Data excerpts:
------------------------------------
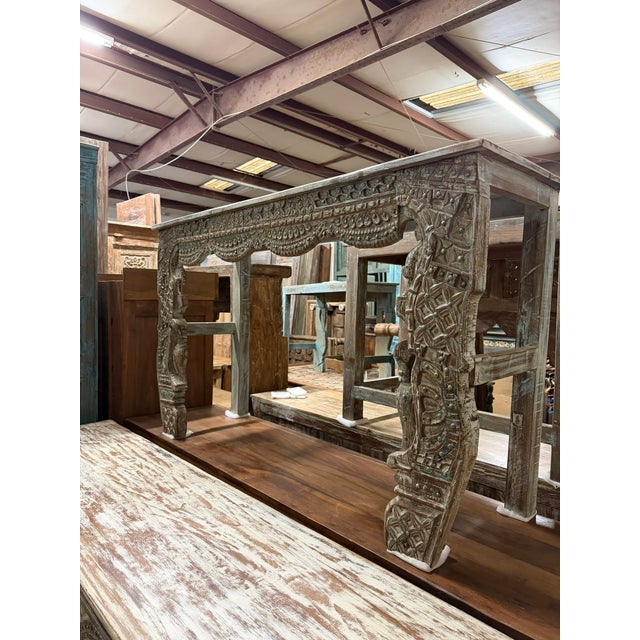 1920s Antique Hand-Carved Wood Console Table With Brass Stud Detailing – Ornate Entryway Accent For Sale - Image 5 of 5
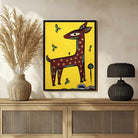 "Stylized Deer" Jamini Roy Painting | Fine Art Wall Art 2 : 3 Vertical Premium Wall Art Canvas by MeriDeewar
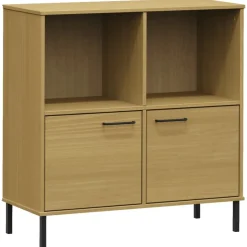 Kirjakaappi metallijaloilla 90x35x90,5 cm täyspuu Oslo ruskea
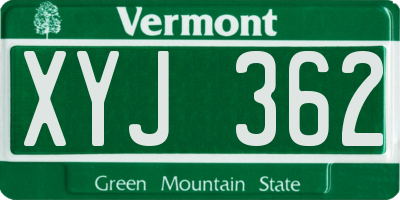 VT license plate XYJ362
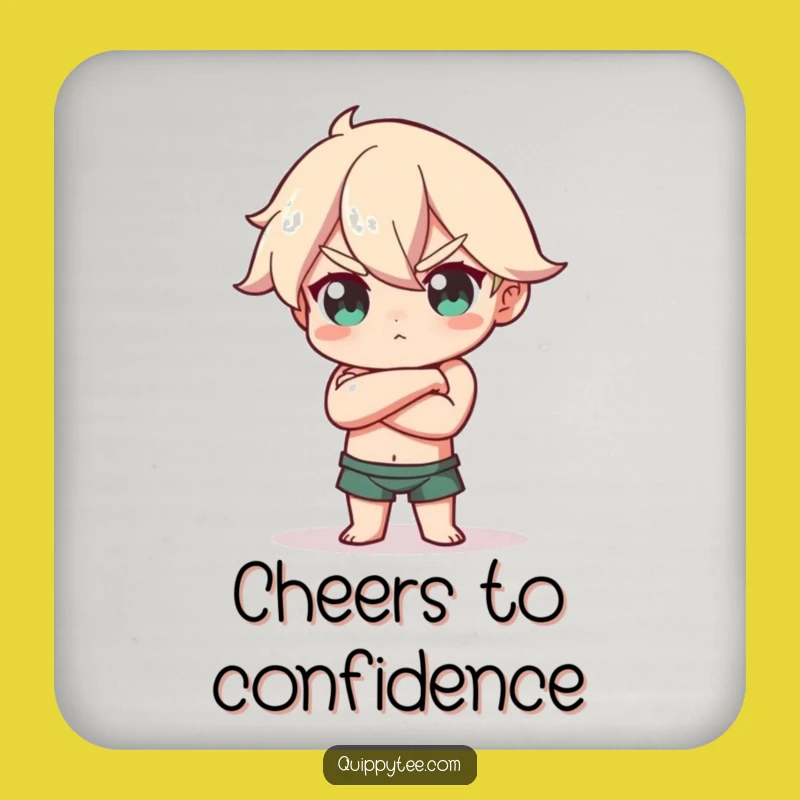 Confident Pose Coaster: Funny Character's Bold Protector for Assured Surfaces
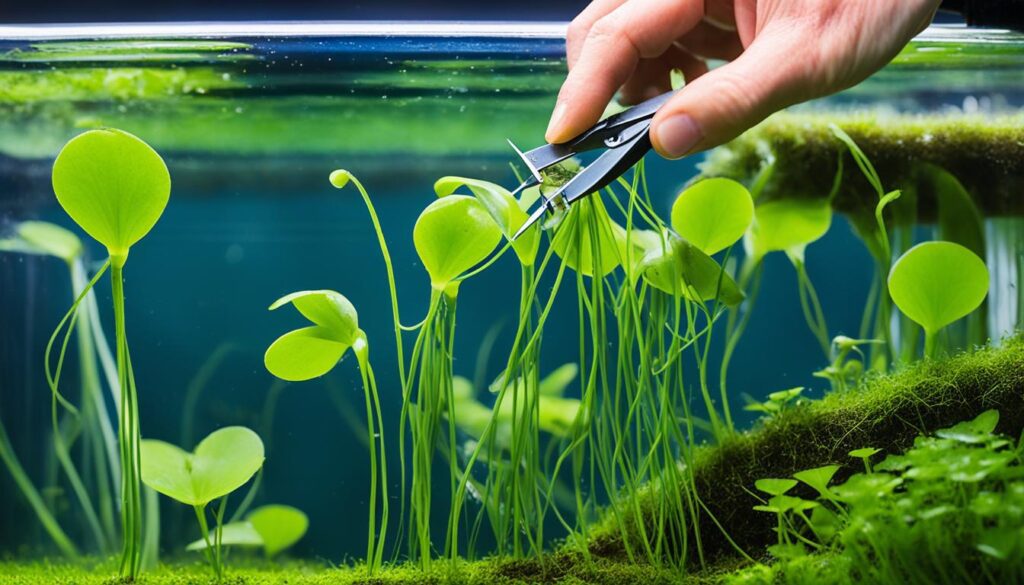 Pruning aquatic plants for tank maintenance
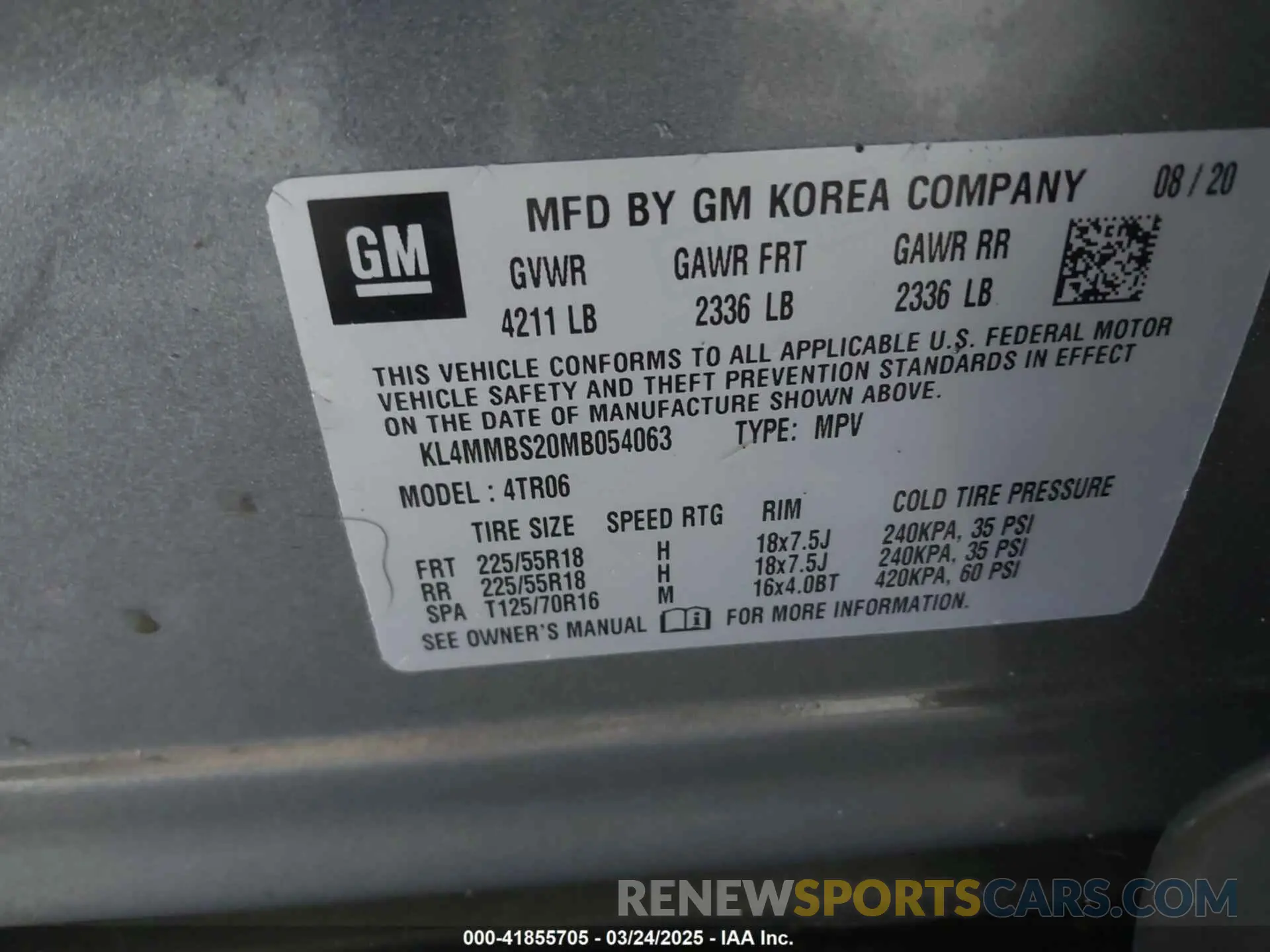 9 Photograph of a damaged car KL4MMBS20MB054063 BUICK ENCORE GX 2021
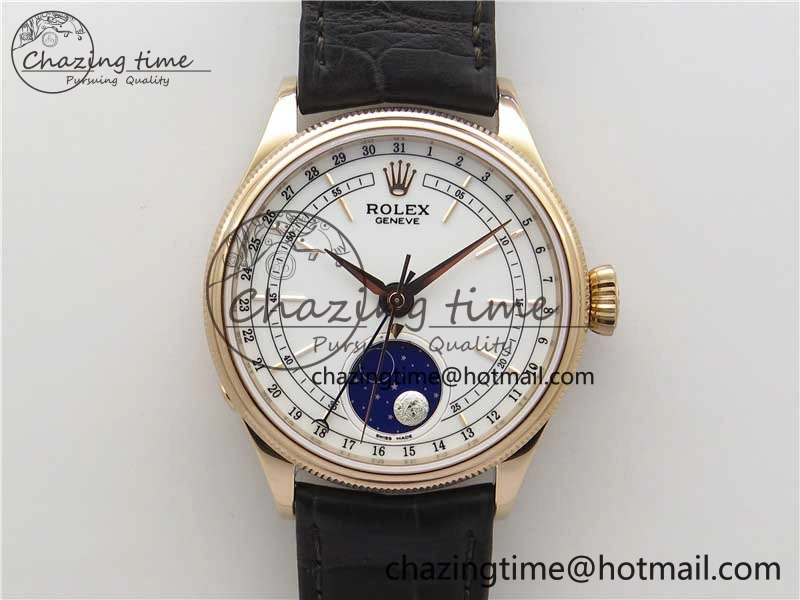 Cellini 50535 Moonphase RG GMF Best Edition White Dial on Brown Leather Strap A3195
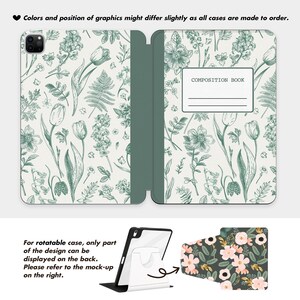 May include: A tablet case with a green and white floral pattern. The case has a composition book label and the text "COMPOSITION BOOK". The image shows the case open and closed, with a mock-up of the design on the back.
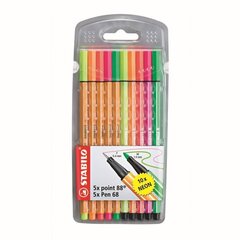 Kuitukärkikynät STABILO point 88 (5 väriä) + Pen 68 (5 väriä), neon hinta ja tiedot | Taide- ja askartelutarvikkeet | hobbyhall.fi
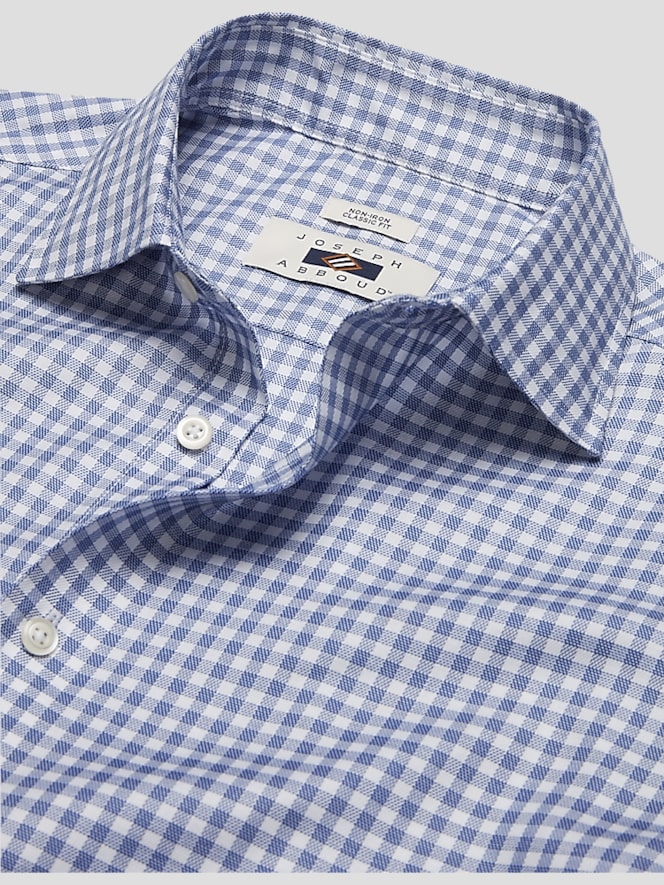 Joseph Abboud Classic Fit Gingham Spread Collar Dress Shirt
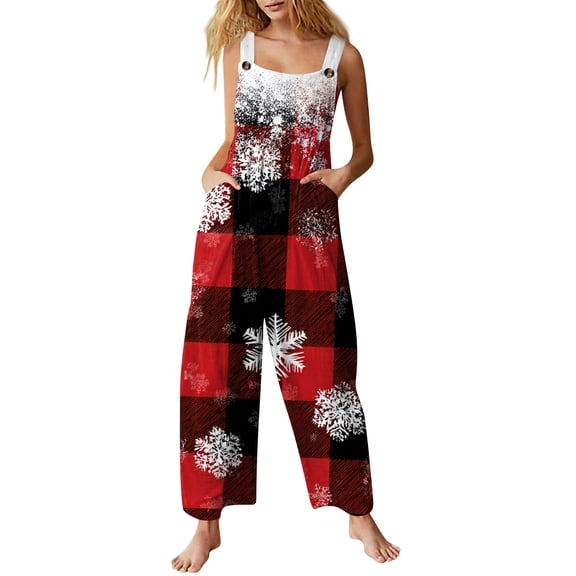 dGslk Womens Sleeveless Wide Leg Overalls Printed Casual Loose Jumpsuit with Pockets Adjustable Strap Comfortable Romper Red E XL
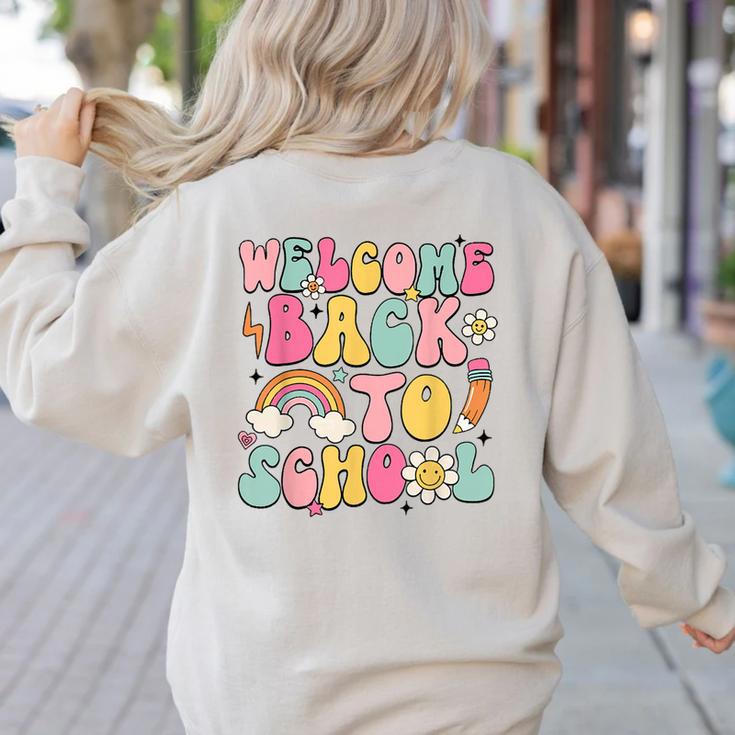 Retro Welcome Back To School Teacher Appreciation Boys Girls Women's Sweatshirt Back Print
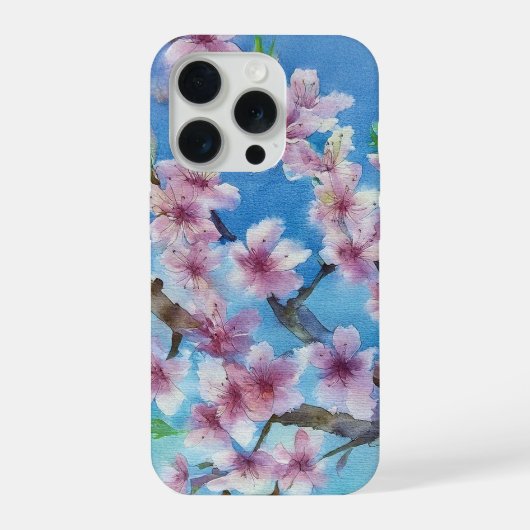 Hand Painted Trendy Watercolour Cherry Blossoms iPhone Hoesje (Achterkant)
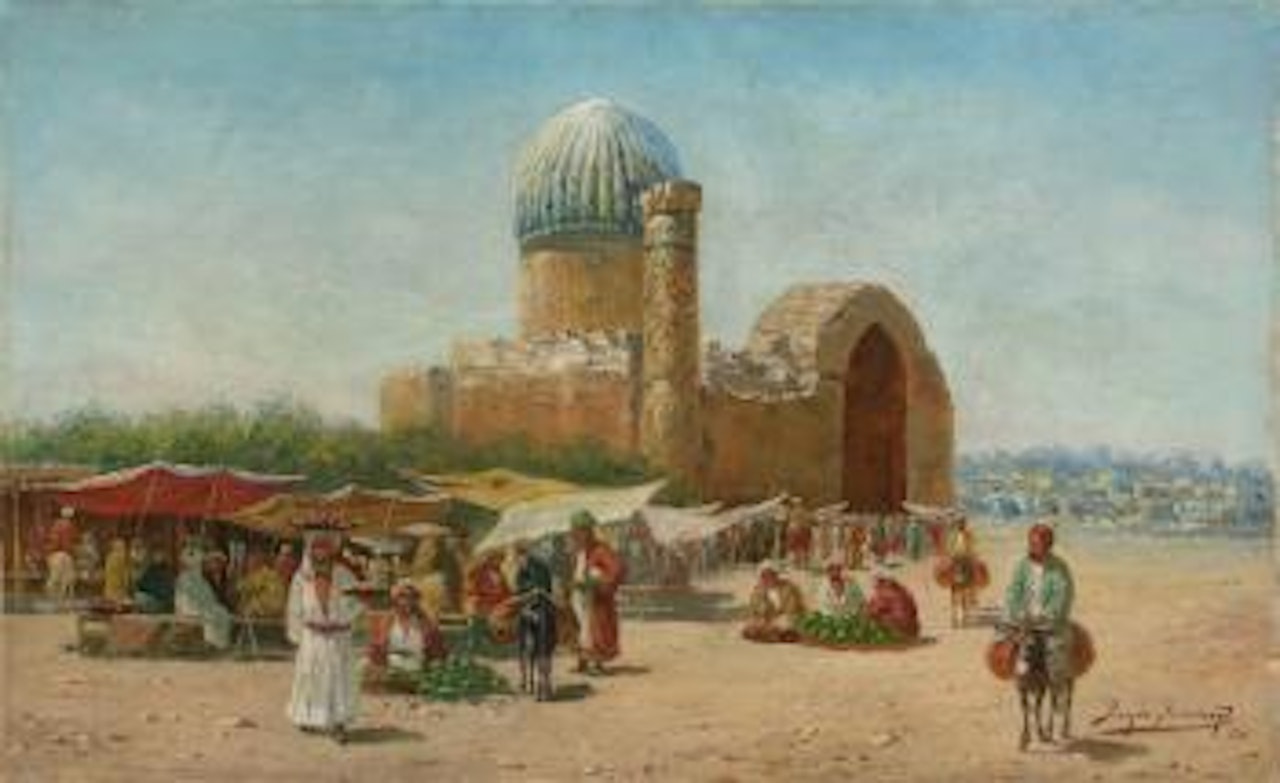 Market Place in Central Asia by Richard Karlovich Zommer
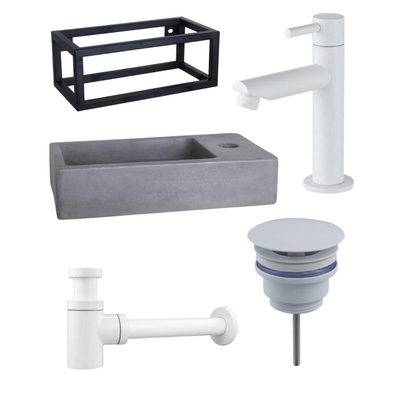 FugaFlow Eccelente Pietra fonteinset - 40x22x23.5cm - 1 kraangat - zwart frame - fonteinkraan wit mat - beton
------------------------------------
AIM OF THE EXERCISE: Using the records above, print exactly the lines between the ones containing "Confident Pose Coaster: Funny" and "Cellini 50535 Moonphase", inclusive, and nothing else; no pictures.

RESULT OF THIS TASK:
 Confident Pose Coaster: Funny Character's Bold Protector for Assured Surfaces
 Pruning aquatic plants for tank maintenance
 9 Photograph of a damaged car KL4MMBS20MB054063 BUICK ENCORE GX 2021
 Cellini 50535 Moonphase RG GMF Best Edition White Dial on Brown Leather Strap A3195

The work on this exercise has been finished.